Así, pues, desde esos primeros años podemos hablar de, al menos,  dos tipos de cine, como podríamos haber hablado igualmente, de, al menos, dos tipos de teatro, de literatura o de pintura: el cine de funcionalidad prosaica (entretenimiento, manipulación política, etc.) y el de pretensiones más complejas. Y por consiguiente, también desde esos años cabe hablar de películas banales (de entretenimiento fugaz) —de ver y olvidar— y de películas concebidas por creadores con afán de aportación relevante; en suma: películas, cuando menos, interesantes, de ver y volver a ver... y entre ellas, algunas de interés estético, de disfrutar y volver a disfrutar, o también de "leer" una y otra vez...






El cine mudo (de imagen y texto escrito) (1895 1926). Los primeros condicionantes "morales" y el factor "educativo".

Aunque, por razones obvias, nuestra actual idea del hecho cinematográfico nos lleva a creer que la iniciativa siempre ha estado en manos de las productoras norteamericanas, tal y como hemos mencionado en el epígrafe anterior, cabe polemizar defendiendo que los primeros impulsos creativos tuvieron lugar en Europa, concretamente, en Francia donde a la sombra de Méliès y sus ingenuos espectáculos visuales, se filmaron algunas obras de cierto interés, y, a continuación, en Italia. Con la salvedad del cine japonés, se trataba de un cine construido mediante imágenes "móviles" en blanco y negro, que se combinaban con la intercalación de textos escritos, necesarios para matizar el sentido de la representación. Lógicamente, el resultado final determinó películas que, a pesar de las valoraciones que se hicieron a posteriori, antes de la expansión del cine en color, no podían compararse en capacidad narrativa y efectividad estética general con otras formas de representación.

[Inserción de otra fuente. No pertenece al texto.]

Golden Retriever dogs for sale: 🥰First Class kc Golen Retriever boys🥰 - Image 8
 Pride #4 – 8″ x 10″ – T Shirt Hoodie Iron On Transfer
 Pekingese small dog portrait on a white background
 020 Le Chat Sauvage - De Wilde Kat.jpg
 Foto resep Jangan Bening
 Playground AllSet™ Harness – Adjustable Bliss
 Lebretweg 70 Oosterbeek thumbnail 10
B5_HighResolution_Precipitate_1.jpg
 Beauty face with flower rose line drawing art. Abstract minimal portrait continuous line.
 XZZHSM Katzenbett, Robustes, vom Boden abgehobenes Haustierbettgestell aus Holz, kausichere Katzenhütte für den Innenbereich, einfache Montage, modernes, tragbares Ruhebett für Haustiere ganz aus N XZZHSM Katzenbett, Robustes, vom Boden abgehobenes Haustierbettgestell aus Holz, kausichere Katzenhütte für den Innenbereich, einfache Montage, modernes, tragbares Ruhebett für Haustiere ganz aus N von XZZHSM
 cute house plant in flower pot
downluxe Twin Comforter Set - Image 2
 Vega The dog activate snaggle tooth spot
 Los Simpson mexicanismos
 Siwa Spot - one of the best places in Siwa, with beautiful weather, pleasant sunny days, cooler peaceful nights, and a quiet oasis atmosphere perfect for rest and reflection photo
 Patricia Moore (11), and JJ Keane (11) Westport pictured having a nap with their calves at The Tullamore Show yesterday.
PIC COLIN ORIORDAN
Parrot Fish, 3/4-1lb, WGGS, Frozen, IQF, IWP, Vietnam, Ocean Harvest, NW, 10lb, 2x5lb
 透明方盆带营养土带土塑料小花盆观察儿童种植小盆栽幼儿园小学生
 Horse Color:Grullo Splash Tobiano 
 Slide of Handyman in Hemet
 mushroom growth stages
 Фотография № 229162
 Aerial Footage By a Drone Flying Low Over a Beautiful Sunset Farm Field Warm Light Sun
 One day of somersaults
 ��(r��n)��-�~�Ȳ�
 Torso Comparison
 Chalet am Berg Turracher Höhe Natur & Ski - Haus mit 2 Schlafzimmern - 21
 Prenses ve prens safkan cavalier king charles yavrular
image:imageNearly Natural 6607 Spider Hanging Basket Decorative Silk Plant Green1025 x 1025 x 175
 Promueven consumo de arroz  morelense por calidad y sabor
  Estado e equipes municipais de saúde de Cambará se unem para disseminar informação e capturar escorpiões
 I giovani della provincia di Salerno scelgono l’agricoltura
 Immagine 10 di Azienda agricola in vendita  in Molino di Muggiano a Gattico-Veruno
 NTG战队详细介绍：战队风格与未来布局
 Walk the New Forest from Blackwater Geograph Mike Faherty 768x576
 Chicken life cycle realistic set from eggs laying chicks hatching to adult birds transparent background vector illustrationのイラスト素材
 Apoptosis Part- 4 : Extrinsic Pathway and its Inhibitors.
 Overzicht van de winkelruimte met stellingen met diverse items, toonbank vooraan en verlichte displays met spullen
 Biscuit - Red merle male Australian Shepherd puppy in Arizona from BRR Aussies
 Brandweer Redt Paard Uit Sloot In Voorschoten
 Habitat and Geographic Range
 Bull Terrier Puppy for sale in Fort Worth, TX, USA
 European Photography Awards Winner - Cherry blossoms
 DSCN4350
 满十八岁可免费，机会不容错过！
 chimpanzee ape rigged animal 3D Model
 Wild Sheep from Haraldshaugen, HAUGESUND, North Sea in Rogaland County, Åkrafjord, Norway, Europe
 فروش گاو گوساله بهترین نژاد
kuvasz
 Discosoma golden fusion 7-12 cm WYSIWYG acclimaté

Para compensar la limitación verbal, los actores debían empeñarse en gestos declamatorios necesariamente forzados y artificiosos, y los textos intercalados no podían ser demasiado largos, para evitar que el público se aburriera o se incomodara, como aún sucede con las películas subtituladas. Sin embargo, enseguida se puso de manifiesto que, a pesar de tan importantes limitaciones, el cine tenía algo que, una vez comenzaron a fabricarse masivamente cámaras de proyección, se le escapaba al teatro y a otras formas narrativas o estéticas: cualquier sala dotada de energía eléctrica podía convertirse en sala de espectáculos... Había comenzado un fenómeno de convergencia cultural de alcance aún desconocido.


El protagonismo del proceso no fue exclusivamente norteamericano. Durante la primera década del siglo XX se contabilizaron más de setecientas producciones italianas; la mayoría banales, pero entre ellas unas pocas abrían senderos que otorgaban continuidad a las ideas de los pioneros franceses: a los reportajes de los hermanos Lumière; al cine político, poético y fantástico de Méliès y  al "cine teatro" se unían ahora dos nuevos "géneros": el melodrama y el "cine histórico" (se emplea el término "peplum" para aludir al cine de temática grecolatina), que nació con pretensiones grandilocuentes y retóricas,  orientado hacia los tiempos del imperio romano. Por supuesto, lo más distinguido pertenece a este último grupo. Son muy interesantes La caída de Troya (1910), de Giovanni Pastrone, Los últimos días de Pompeya (1913), de Mario Caserini y Cabiria (1914), también de Pastrone, películas que, pasando por alto las ingenuidades del momento, especialmente sensibles en los decorados, aún hoy despiertan más interés que algunas de las grandes superproducciones norteamericanas de temática afín, sencillamente porque fueron concebidas con un grado de complejidad narrativa superior a los actuales estándares "bajos" de Hollywood (tipo Troya, 2004, de Petersen).  Y ello sin menoscabo de las cualidades formales. La Cabiria, de Pastrone, por ejemplo, contiene un repertorio de fórmulas que van desde el uso sistemático del llamado "plano americano" (quizás debiera llamarse "plano italiano" o, incluso, "francés", porque también lo emplearon los hermanos Luimière), para sacar a los personajes del abigarramiento general, hasta llegar a la superposición de imágenes para componer efectos comparables a los que aún seguía utilizando Spielberg en la penúltima secuencia de En busca del arca perdida, y a la matización moral del carácter de los personajes mediante la iluminación.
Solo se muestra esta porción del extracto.